Restate, word for word and with no pictures, the stretch of lines in the data below that begins at the line with "2000 Plymouth Prowler" and ends at the line with "CHECK-IN CASAS La", inclusive.
━━ Available data
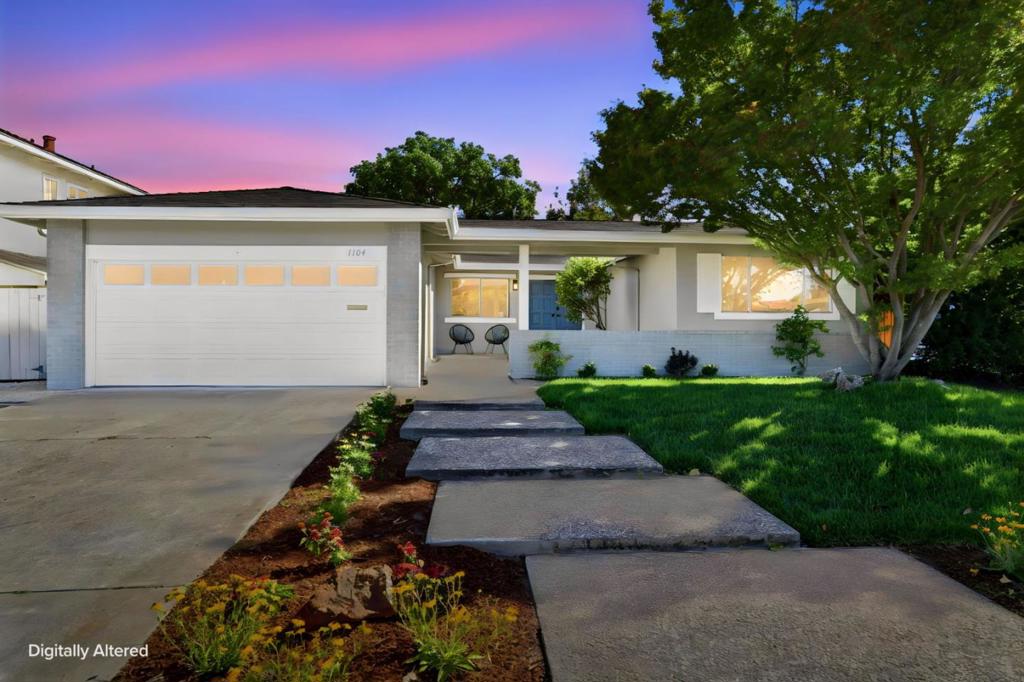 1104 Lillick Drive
━━━━
━━ Available data
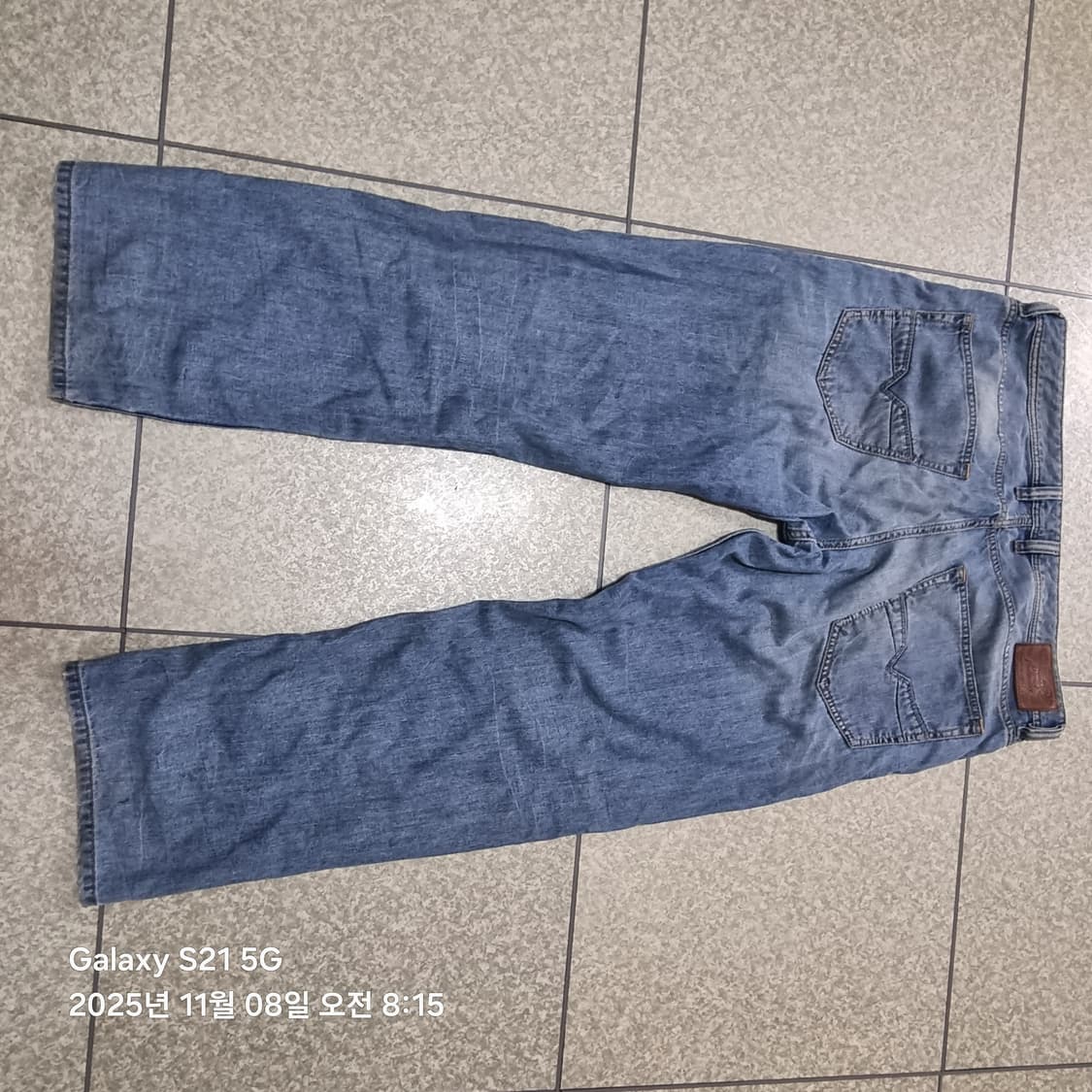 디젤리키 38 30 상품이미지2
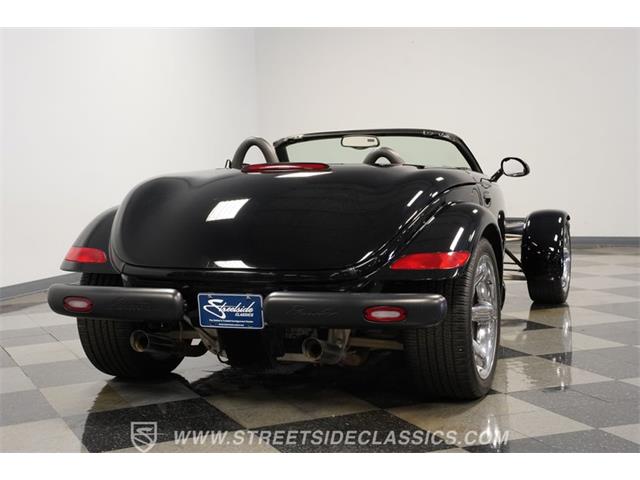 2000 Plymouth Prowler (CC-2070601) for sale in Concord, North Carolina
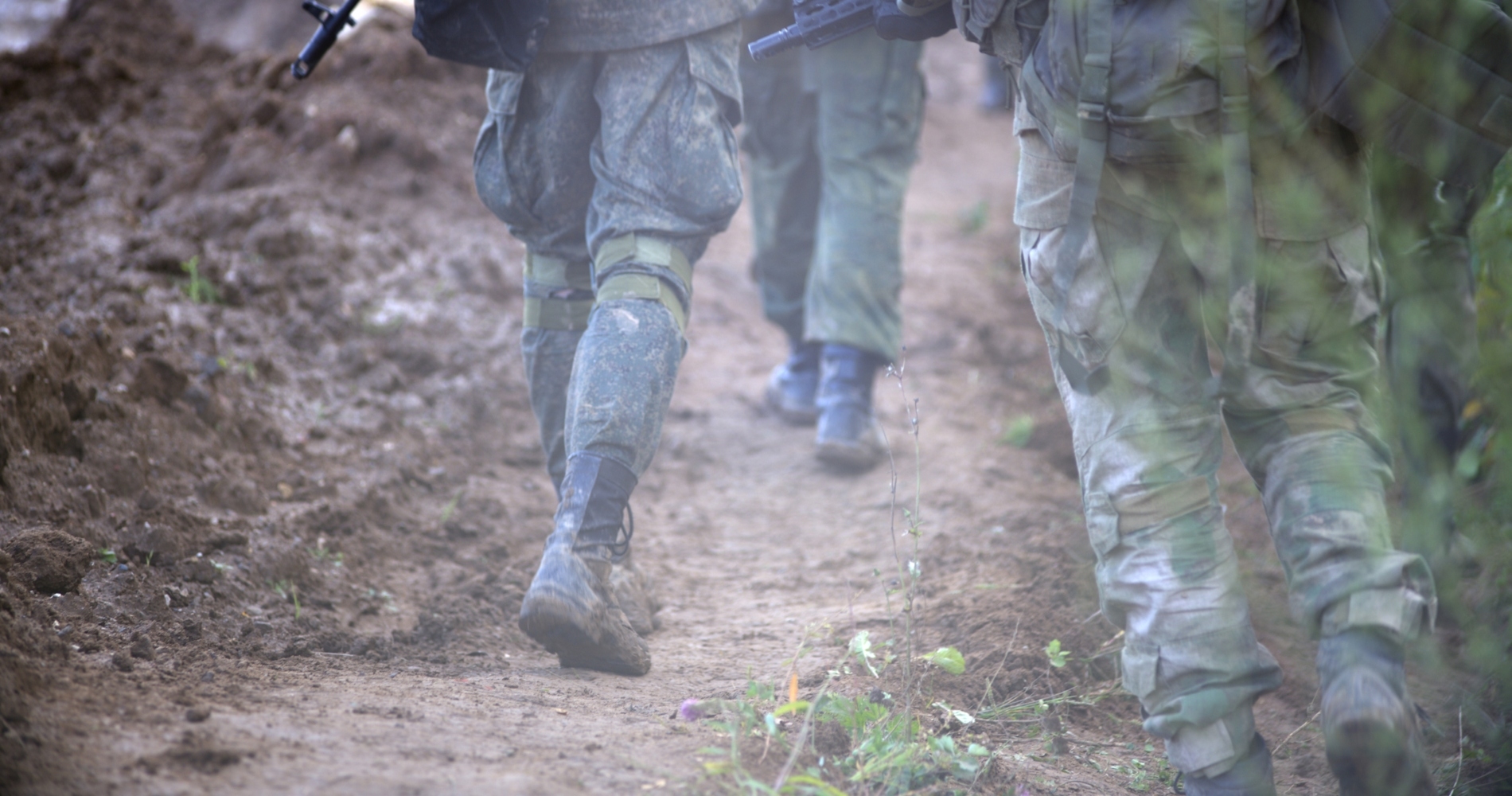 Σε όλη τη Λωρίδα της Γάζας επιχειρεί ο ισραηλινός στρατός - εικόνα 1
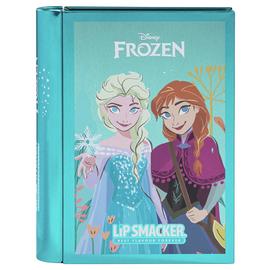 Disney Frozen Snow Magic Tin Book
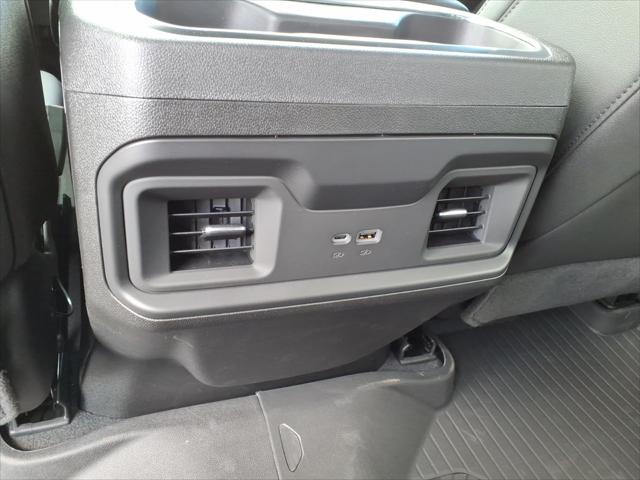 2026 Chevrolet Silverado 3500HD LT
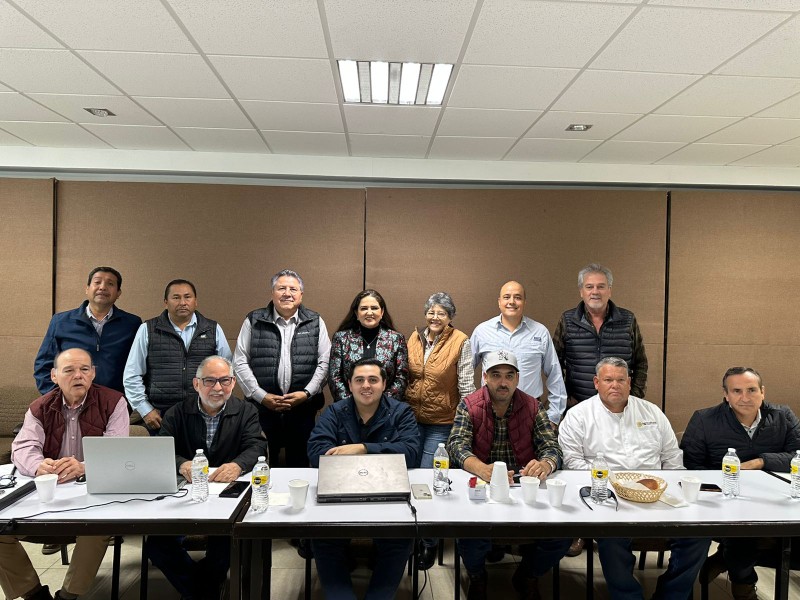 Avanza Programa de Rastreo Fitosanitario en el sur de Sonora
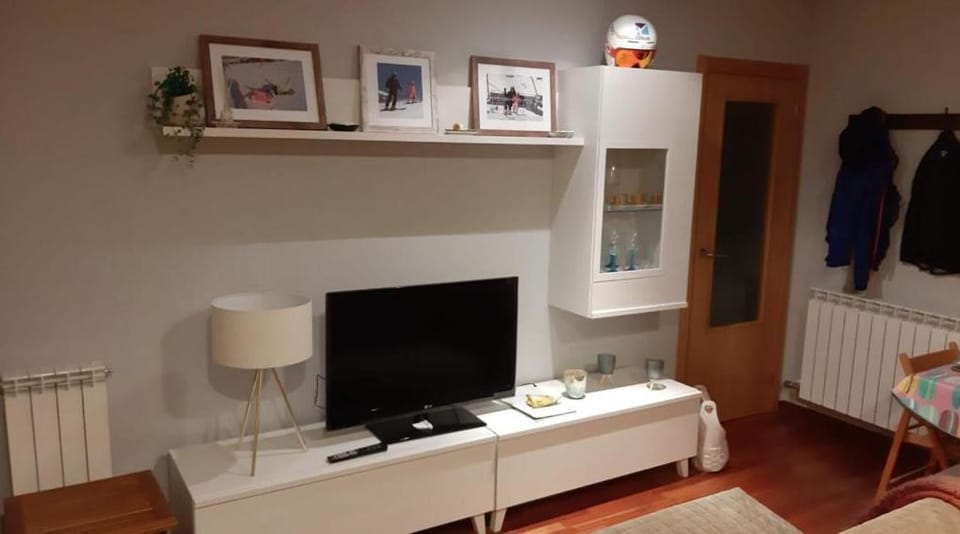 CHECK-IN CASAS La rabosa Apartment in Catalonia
━━━━
:: Response area ::
 2000 Plymouth Prowler (CC-2070601) for sale in Concord, North Carolina
 Σε όλη τη Λωρίδα της Γάζας επιχειρεί ο ισραηλινός στρατός - εικόνα 1
 Disney Frozen Snow Magic Tin Book
 2026 Chevrolet Silverado 3500HD LT
 Avanza Programa de Rastreo Fitosanitario en el sur de Sonora
 CHECK-IN CASAS La rabosa Apartment in Catalonia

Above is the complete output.